Related Work

Misinformation Detection

The internet is free and available to everyone, where everybody can read, share, publish information in any kind of format (i.e. text, books, videos . . . etc). That implies that information and knowledge can be produced and transmitted at unprecedented speed and breadth, which has positively affected and contributed to the well-being of the world population. Yet, there is also a drawback of that ease of producing and sharing information at that scale and speed, which is the prevalence of misinformation on the web.

Being a breeding ground for misinformation, studying and detecting misinformation on the web has attracted many scholars from many areas. For example, investigations have been made to study the factors that enhance or lower the credibility of information and what are the methods that users can use to evaluate and assess the credibility of online sources.
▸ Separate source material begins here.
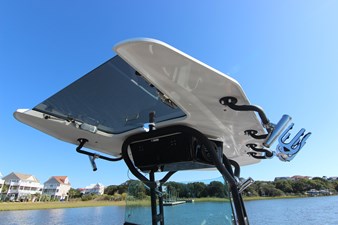 25' Scarab 255 Open ID 27 
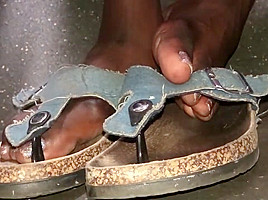 Ebony shoeplay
In addition, many surveys have been published that assess the credibility of information on the web and particularly on Twitter. In addition, scholars have proposed models of how misinformation propagates in social networks and how their spread may be mitigated. More research has been done to automate the assessment of posts on social media. The majority of the research done in that domain worked on engineering features that enable the automatic detection of fake news, rumors and falsified contents in social media platforms. For instance, Gupta et al. employs the influence patterns and social reputation to predict if images shared on Twitter are fake or legit. Kwon et al detect linguistic, structural and temporal features of rumors on Twitter.

Qazvinian et al aim to predict the factuality of tweets and discover the source of misinformation. In recent years, a particular theme of misinformation has gained a resurgence of interest, commonly known as Fake News. The increased interest largely comes from growing concerns and fears about the large impact of fake news on shaping opinions of the public. One of the major concerns about fake news is the speed and scope by which misinformation can spread online. Fuller et al highlighted that with the tremendous growth of online communication, the capability of people to get deceived through online systems has also grown. The outcome of the spread of fake news could dramatically affect our life financially and politically. For example, Gentzkow revealed that fake news was widely shared during the 3 months prior to the election with 30 million total Facebook shares of 115 known pro-Trump fake stories and 7.6 million of 41 known pro-Clinton fake stories. In addition, fake news that surrounds natural disasters, such as Hurricane Sandy and the Japanese earthquake in 2011 could amplify panic and disorder.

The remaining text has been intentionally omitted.